ITINERA INSTITUTE ANALYSE
S
Expertise - Pathways - Impact
melten de vergrijzingskosten als sneeuw voor de zon?
2015/2 17| 07 | 2015 MENSEN WELVAART BESCHERMING
De vergrijzingskosten voor pensioenen, tegen 2060, zijn naar beneden herzien. Maar dat cijferoptimisme verbergt enorme uitdagingen inzake groei, langere loopbanen, integratie van immigranten en baancreatie, in het bijzonder voor jongeren. Als we die uitdagingen niet realiseren, zullen de pensioenkosten veel hoger liggen dan nu wordt voorzien. Die uitdagingen aangaan, vergt zowel een grote politieke wil als bijkomende middelen op korte termijn, terwijl de pensioenkosten juist snel toenemen in dezelfde periode. Eerder dan de nieuwe berekening van vergrijzingskosten als geruststellend te interpreteren, zou die de krachten en de geesten moeten mobiliseren. Itinera roept dus op tot realisme en ambitie, met als onmiddellijke prioriteit de onmiddellijke verlenging van loopbanen. 1. De kosten dalen slechts wanneer de loopbanen verlengen. Dat is niet verworven maar vergt hervormingen. 2. De hoogdringendheid is nu : berekeningen op lange termijn zijn nodig maar zijn onvoldoende om de impact en de hervormingen op korte termijn te bepalen. Dit terwijl de tijd dringt en het gewicht van de stijgende uitgaven rust op jongere generaties die minder talrijk zijn. 3. We speculeren niet met pensioenen : een belofte is een schuld. De kosten van de pensioenen zullen aanzienlijk hoger liggen als België geen hogere snelheid van economische groei en banencreatie bereikt. 4. Let op voor verschuivingseffecten van pensioenen naar andere uitkeringen: de cijfers zijn slechts realistisch als we de transformatie van loopbanen realiseren. Prof Dr Jean Hindriks Prof.
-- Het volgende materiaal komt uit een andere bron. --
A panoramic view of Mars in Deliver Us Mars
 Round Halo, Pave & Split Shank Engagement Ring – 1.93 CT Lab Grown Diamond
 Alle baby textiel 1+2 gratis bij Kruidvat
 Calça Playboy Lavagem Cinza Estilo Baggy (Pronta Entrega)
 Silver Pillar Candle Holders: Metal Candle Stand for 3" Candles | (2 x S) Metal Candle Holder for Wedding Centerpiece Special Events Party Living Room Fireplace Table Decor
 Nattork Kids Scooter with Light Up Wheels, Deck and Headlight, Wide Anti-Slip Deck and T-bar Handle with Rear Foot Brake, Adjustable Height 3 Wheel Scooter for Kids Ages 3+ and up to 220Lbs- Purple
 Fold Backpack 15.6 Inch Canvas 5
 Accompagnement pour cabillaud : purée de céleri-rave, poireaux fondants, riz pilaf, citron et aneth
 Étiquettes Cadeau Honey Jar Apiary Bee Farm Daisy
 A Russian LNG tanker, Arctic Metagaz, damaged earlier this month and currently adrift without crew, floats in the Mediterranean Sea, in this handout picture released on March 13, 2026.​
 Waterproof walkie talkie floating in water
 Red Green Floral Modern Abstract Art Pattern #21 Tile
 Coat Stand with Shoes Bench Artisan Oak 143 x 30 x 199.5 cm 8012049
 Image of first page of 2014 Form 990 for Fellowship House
Dr Marc De Vos Ivan Van de Cloot
Expertise - Pathways - Impact
1 www.itinerainstitute.org
ANALYSE
Nieuws van het zomerseizoen: de pensioenkosten van de vergrijzing worden neerwaarts herzien. De Studiecommissie voor de Vergrijzing (SCvV) heeft haar raming bijna gehalveerd, rekening houdend met de hervormingen van de Regeringen Michel 1 en Di Rupo 1. De SCcV schat nu dat de pensioenkosten van de vergrijzing in 2060 2,1% van het bbp zullen bedragen, tegenover haar raming van 4,5% in 2013. De Europese Commissie schat ze in 2015 op 3,3% van het bbp, terwijl ze die nog op 5,6% van het bbp raamde in 2012. Opnieuw dus een neerwaartse herziening met bijna de helft. Tussen ontkenning en euforie: Sommige waarnemers gebruiken de verlaagde ramingen van de pensioenkosten om te stellen dat een pensioenhervorming niet nodig is. Aangezien de kosten betaalbaar zouden zijn, zou het dom zijn om in een periode van hoge werkloosheid (vooral bij de jongeren) de wettelijke pensioenleeftijd tegen 2030 naar 67 jaar op te trekken en de loopbaanvoorwaarden voor vervroegd pensioen te verlengen. Volgens sommige schattingen zou een verhoging van de effectieve pensioenleeftijd zelfs 300.000 banen kosten. Anderen zouden de lagere kostprijs als een argument kunnen gebruiken om te zeggen dat de hervormingen hun werk hebben gedaan en dat het pensioendossier geregeld is. Itinera benadrukt het realisme achter de optimistische cijfers:
Boodschap 1: De kosten dalen alleen als de loopbanen langer worden. Zo ver is het nog niet. De ramingen op zich vertellen ons weinig, we moeten ze interpreteren. De SCvV heeft haar schatting van de pensioenkosten inderdaad verlaagd. Maar we moeten die schatting juist interpreteren. Twee aspecten moeten worden benadrukt. Ten eerste suggereren de ramingen duidelijk dat men de stijging van de pensioenuitgaven kan beheersen (in de betekenis van een halvering van de vergrijzingskosten) indien en alleen indien men de effectieve loopbanen met ten minste twee jaar verlengt, voor een identiek gemiddeld vervangingsratio (verhouding van de pensioenen tegenover de lonen): men verwacht dus dat men de kosten kan beperken door het recht op het pensioen uit te stellen, als een stabilisatiemaatregel tegenover de vergrijzing. Dat is precies de strategie die het rapport van de Commissie Pensioenhervorming in juni 2014 voorstelde. De echte uitdaging bestaat erin de gemiddelde loopbaan effectief met twee jaar te verlengen. Zonder een effectieve verlenging zullen de pensioenkosten veel hoger zijn. Dit is de achilleshiel van België, dat vergeleken met Europa veeleer een probleem heeft met de tewerkstelling van de senioren dan met de vergrijzing.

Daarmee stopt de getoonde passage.